On Jun 14, 2005, at 9:54 PM, Scott Feldman wrote:
We're a quiet bunch. :-)
Which is a bad thing for Open Source development. It seems Open MPI is
closed-source development project with an open-source release model.
At this point in our development, I somewhat agree. But this will soon
change. See below.
The FAQ claims the future is in Open Source code, methodology, and
philosophy; so why is the development and testing of Open MPI closed?
It is "somewhat" closed. We have actually had a limited set of third
parties involved from the very beginning -- people outside the core
Open MPI development team who have tested the code, reported bugs, etc.
Such reports have been extremely useful and helpful.

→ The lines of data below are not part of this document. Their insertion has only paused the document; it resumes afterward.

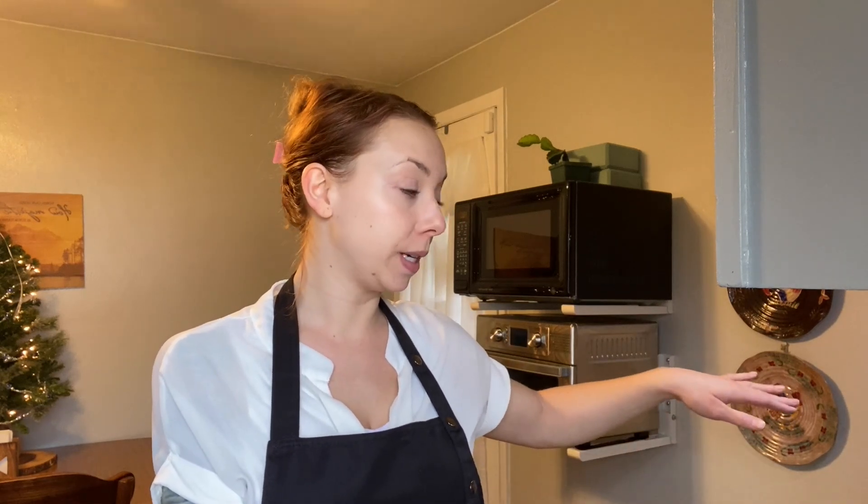Hey everybody, welcome back to Cat's Kitchen. I'm so glad you guys are back here with me for another episode. Today we're going to be cooking up a holiday meal for my family. We have some family in town and we're going to be visiting family all weekend long, so we actually have a few different get-togethers to go to. Tonight is dinner at my house, and then I'm making up some meat sauce for a lasagna that I'm going to be making and taking to another family gathering later on this weekend.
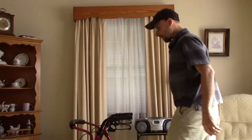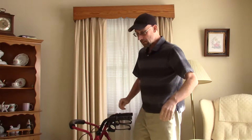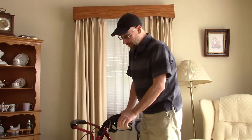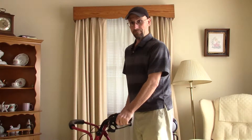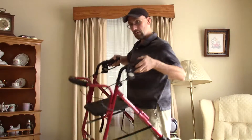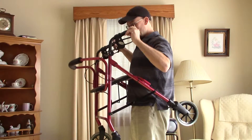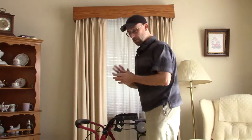Hi, it's Frank here with OxygenGuy.com. I'm here to talk to you about how to use your four-wheel lightweight rollator, or four-wheel lightweight walker. This nice model here has brakes — I like bicycle brakes — also a seat and four wheels.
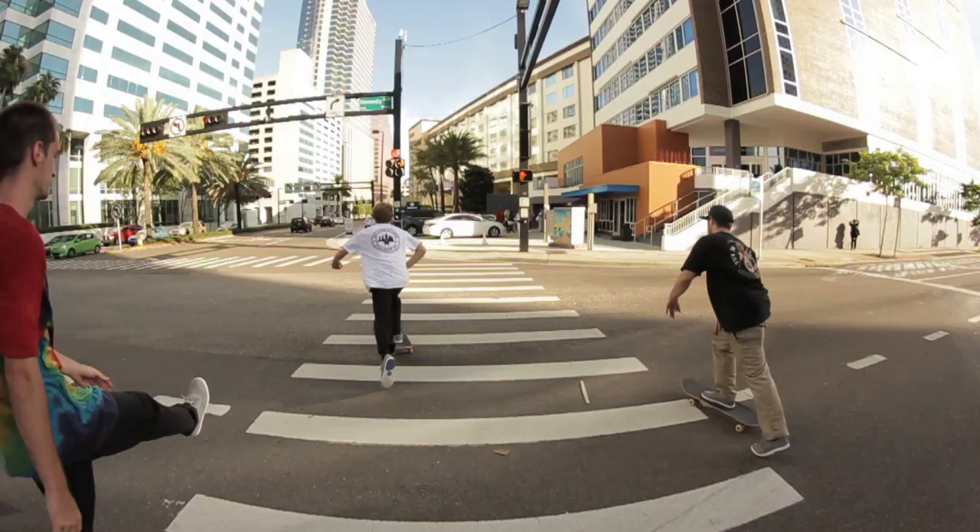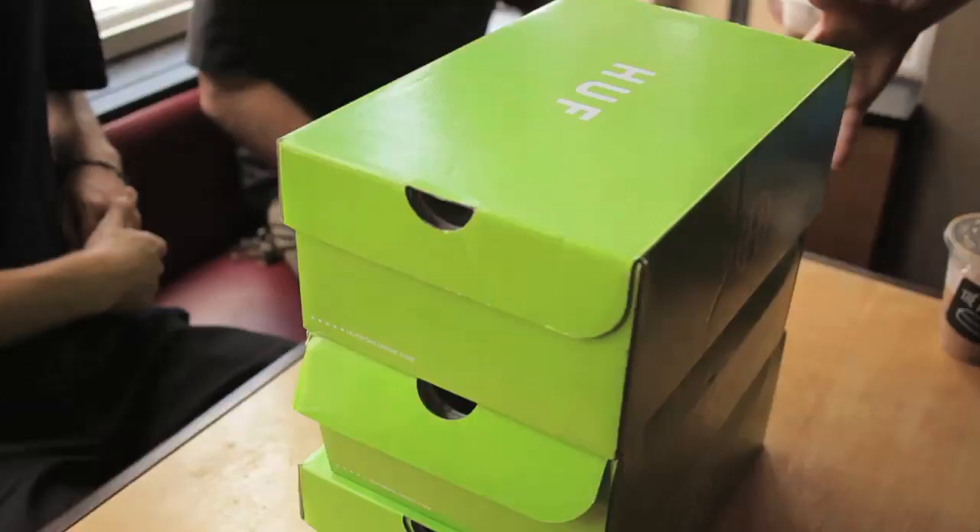What's going on guys? My name is Tom McKessie and I'm here with Luke Pallone and Andy Johnson from the Skate Park of Tampa. We're here at the Bricks cooling off after a day of skating, trying out the new Huff Eagle 2 shoe from Huff.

I fully appreciate the benefit of the open source model. Indeed, my
parent organization's name is The Open Systems Laboratory
(www.osl.iu.edu), which contributes and develops to several well-known
open source projects. For example, we've been developing and
maintaining LAM/MPI under an open source model for several years, and
it works well. As of now, Open MPI is slightly different (see below
for why), but will be shifting to a more open source model (like LAM's)
in the near future.
Closed-source development doesn't scale. You're missing out on early
bug reports from users with environments and applications different
than yours. You're missing out on outside development help in finding
and fixing bugs.
There are several reasons that we have not yet released the code to the
public:
1. The first 8 months or so of our project were in "stealth" mode. We
honestly didn't know if the collaboration would eventually bear useful
fruit. As the project went on, we came to see that it was working
(really well, actually), and so we came out of stealth mode, announced
it to the world, created the public web site, etc.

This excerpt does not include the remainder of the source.